3. All such suspensions shall officially be effective upon the filing of charges in accordance with the Code of Disciplinary Procedure annexed hereto.
SECTION 2 - RESTRICTED ACTIVITIES
No member of the Corporation may receive any compensation, by gift or otherwise, from the Corporation, or a promoter, or owns any interest in any organization which receives such compensation, without written notification to the Treasurer, and approval of the Board of Directors. For purposes of this subsection, reimbursement of reasonable expenses incurred shall not be deemed to be compensation. No member shall be an Officer or Director of the Corporation while holding any office in any organization whose purposes or activities are, or have been declared by the Board of Directors to be, in conflict with the property of the Corporation.
SECTION 3 - RULES OF ORDER
The rules of order at any meeting of the Corporation or Committee shall be Robert's Rules of Order, Newly Revised.
SECTION 4 - AMENDMENTS
The Constitution, or provisions hereto may be altered, amended, or repealed, or new provisions added hereto, by the affirmative vote of two- thirds of the members present and voting at the Convention (every two (2) years), provided however, that any such proposed amendment be filed with the Constitution Committee at least sixty (60) days prior to the commencement of the Convention. The Committee shall review proposed amendments received, and shall, not less than thirty (30) days prior to the commencement of the Convention, forward to all Class A Members, copies of all proposed amendments submitted to the Committee pursuant to this section along with the Committee's recommended action with regard to each proposed amendment.

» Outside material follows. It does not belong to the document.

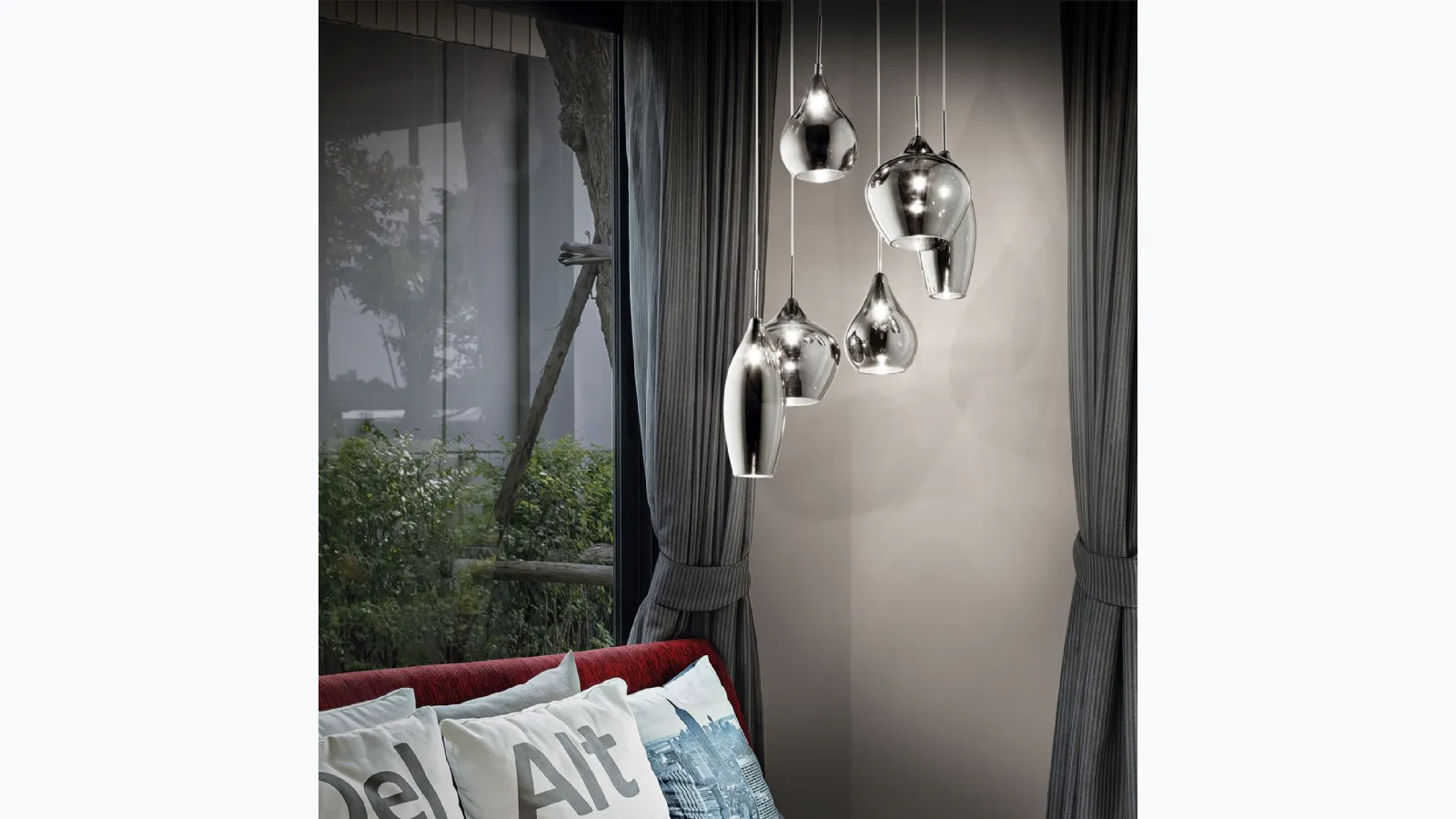 Lampada a sospensione Soft di Ideal Lux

APPENDIX I TO THE CONSTITUTION OF
THE FLORIDA LEAGUE OF MARTIAL ARTS, INC.
CODE OF DISCIPLINARY PROCEDURE
PREAMBLE
This Code is intended as a formal mechanism for the resolution of serious disputes and to address significant acts of misconduct, neglect or dishonesty. the filing of charges as a result of these disputes should occur only after all attempts to resolve the situation informally have failed. It is hoped that, with the assistance of all parties involved in such disputes the filing of charges under this Code shall be limited to the most serious situations.

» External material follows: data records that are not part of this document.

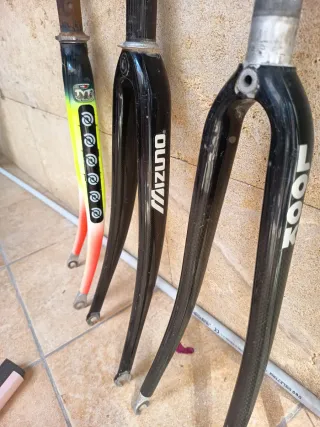 Forcella bici Mizuno Look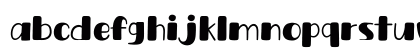 Life Kittie Regular Lowercase Preview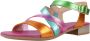 Hispanitas Flat Sandals Multicolor Dames - Thumbnail 2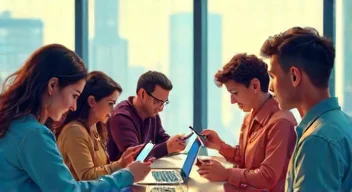 Gesellschaftliche Veränderungen durch Technologie (7/10)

ARTICLE I - ESTABLISHMENT OF REVIEW PANELS
In the event a Disciplinary Review Panel is required it shall consist of three (3) Class A Members in good standing, appointed by the President of the Corporation and approved by the Board of Directors. In the event a disciplinary charge has been filed against the President the Vice-president shall appoint the Panel, subject to approval by the Board of Directors. This Panel shall hear charges brought against an Individual member. One member of this Panel will be appointed to Chair the review.
ARTICLE II - JURISDICTION OF REVIEW PANEL
1. Prior to original charges being heard by any Panel, such charges will be reviewed by the Panel to insure that charges are:
A. In compliance with this Disciplinary code.
B. Are supported by competent evidence and documentation.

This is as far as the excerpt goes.